As shown in the plot, if the country is generous to the people, the people are tending to be happy. The p-value equals to 0. We can see in the plot that the dots are also widely distributed on both sides around the fitting line, which suggests that the relationship between variables is weak.


The relationship between Corruption and Happiness score

plot_perceptions = plot_happy(A=happy_df_fac$happiness_score,B =happy_df_fac$perceptions_of_corruption, name = "perceptions_of_corruption")
plot_perceptions
perceptions_lm_df = lm(happiness_score ~ perceptions_of_corruption , data = happy_df_fac)

summ(perceptions_lm_df)%>%
  tidy() %>%
  knitr::kable()
term estimate std.error statistic p.value
(Intercept) 7.345760 0.1064877 68.98225 0
perceptions_of_corruption -2.558357 0.1375869 -18.59448 0


Corruption has a clear negative affect on the happiness score. As we can see in the plot, most dots are concentrating on the right side, which means many governments have high scores on corruption.

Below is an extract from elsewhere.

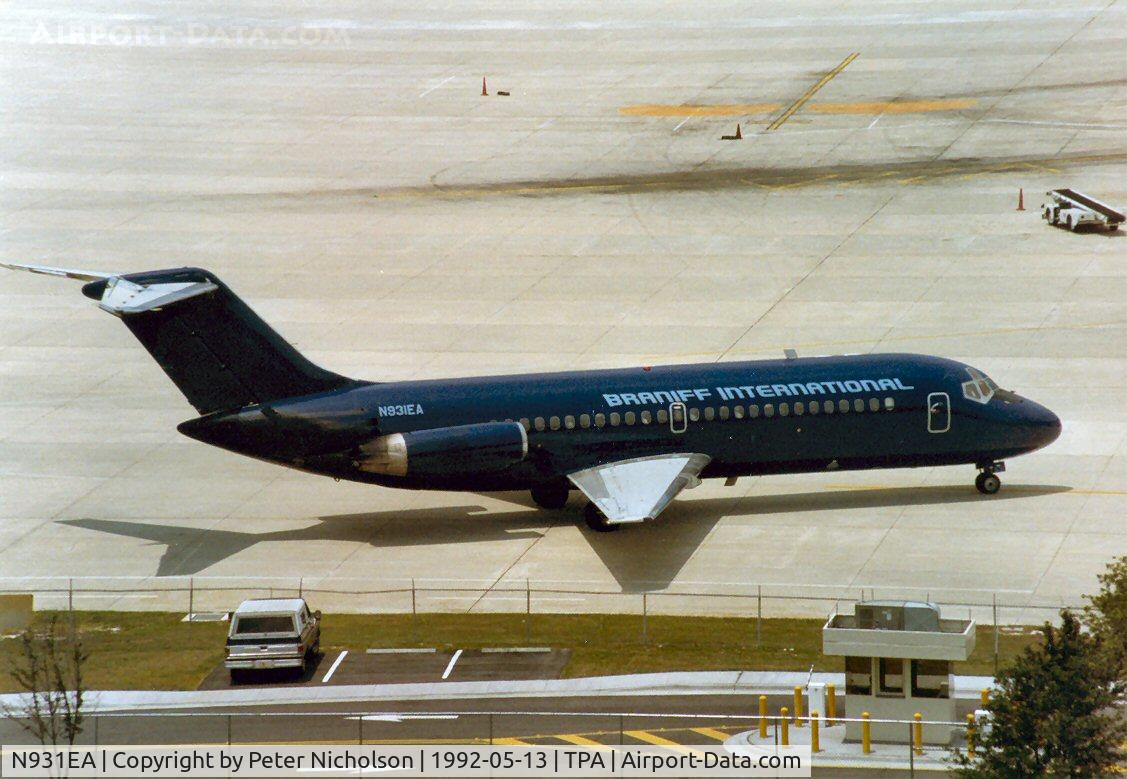 N931EA, 1965 Douglas DC-9-14 C/N 45698, DC-9-14 of Braniff International at Tampa in May 1992 - reportedly the only DC-9 operated by Braniff.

The relationship between Positive affect and Happiness score

plot_positive = plot_happy(A=happy_df_fac$happiness_score,B =happy_df_fac$positive_affect, name = "positive_affect")
plot_positive
positive_lm_df = lm(happiness_score ~ positive_affect , data = happy_df_fac)

summ(positive_lm_df)%>%
  tidy() %>%
  knitr::kable()
term estimate std.error statistic p.value
(Intercept) 1.427094 0.1523521 9.367078 0
positive_affect 5.652164 0.2123411 26.618330 0


As shown in the plot, positive affect could make people feel happy. We can see from the table that the p-value equals to 0, which suggests that changes in the positive affect are associated with changes in the happiness score.


The relationship between Negative affect and Happiness score

plot_negative = plot_happy(A=happy_df_fac$happiness_score,B =happy_df_fac$negative_affect, name = "negative_affect")
plot_negative
negative_lm_df = lm(happiness_score ~ negative_affect , data = happy_df_fac)

summ(negative_lm_df)%>%
  tidy() %>%
  knitr::kable()
term estimate std.error statistic p.value
(Intercept) 6.416557 0.0859855 74.62374 0
negative_affect -3.686482 0.3082464 -11.95953 0


On the contrary, negative affect is leading to low happiness score. We can see from the table that the p-value equals to 0, which suggests that changes in the negative affect are associated with changes in the happiness score. Also, most dots are concentrating on the left, which means few countries are offering negative score.